Die alten mechanischen Treppenhausautomaten hatten eine Sperre. Der Knopf gibt Strom auf einen Elektromagneten der das Uhrwerk aufzieht. Würde ein Knopf klemmen oder mutwillig dauerhaft gedrückt, dann würde der Elektromagnet durchbrennen. Daher schalten die den Elektromagneten ab wenn das Uhrwerk läuft und geben es erst kurz vor Ablauf der Zeit wieder frei. Wird der Knopf dauerhaft gedrückt, zieht es das Uhrwerk immer wieder neu auf, der Magnet hat aber immer nur kurz Strom. Meistens kann man das Uhrwerk erst wieder aufziehen wenn die letzte Minute läuft. Kommt aber auf die einstellbare Mindestzeit an, denn die Restzeit wo man wieder aufziehen kann muss kürzer als die kleinste einstellbare Zeit sein.

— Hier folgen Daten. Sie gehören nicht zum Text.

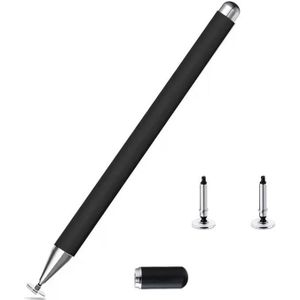 AT-29 Hoge nauwkeurigheid Magnetische zuigkracht voor eenmalig gebruik Passieve capacitieve pen Mobiele telefoon Touch Stylus met 2 penkop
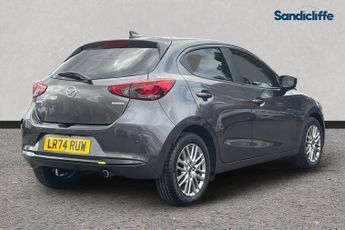 MAZDA 2  1.5 Skyactiv G Exclusive-Line 5dr Auto Hatchback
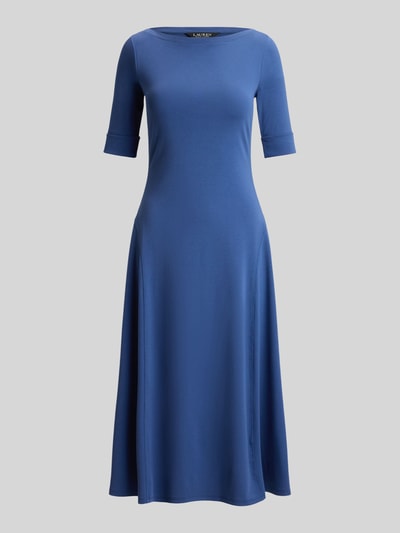 Lauren Ralph Lauren Regular Fit Jersey-Kleid aus Baumwoll-Mix Modell 'MUNZIE' Blau 2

Die modernen, elektronischen haben diese Sperre in der Regel nicht, die fangen jedes mal nach dem loslassen dens Knopfes an die Zeit komplett neu zu zählen. Nur wenige simulieren die mechanische sperre aus Kompatiblitätsgründen, kann ja sein, dass der zu ersetzende Treppenhausautomat in einer Industriesteuerung für ander Zwecke "missbraucht" wurde.

Bei einigen modernen Treppenhausautomaten kann man auch noch andere Sachen einstellen bzw. sind diese permanent vorgesehen.

Z.B. kann man bei einigen Automaten die Laufzeit durch mehrfachdrücken erhöhen. Also z.B. der Mieter im 1.OG drückt ein mal, der Mieter im 2. OG zwei mal um mehr Zeit zu kriegen in das höhere Stockwerk zu gelangen. Viele lassen sich auch durch langes drücken in den "Dauerbetrieb" schalten, dann bleibt das Licht so lange zum putzen usw. an bis man noch mal drückt (oder eine Maximalzeit von z.B. 4 Stunden abgelaufen ist)

Dann gibt es noch welche die Piepsen oder lassen kurz das Licht flackern um zu warnen, dass die Zeit bald um ist und man dann noch mal drücken kann damit das Licht nicht aus geht.

Klare Antwort: Kommt auf den verbauten Treppenhauszeitschalter an !

"Eigentlich" sind schon seit mindestens 5 Jahren nachschaltbare Schalter vorgeschrieben. Heißt: Wenn du in jeder Etage auf den Taster drückst, wird die Zeit neu gestartet. Viele Zeitschalter warnen dich auch vor dem "Lichtausgehen", indem sie das Licht etwa 1 min. vor dem Ausschalten kurz flackern lassen.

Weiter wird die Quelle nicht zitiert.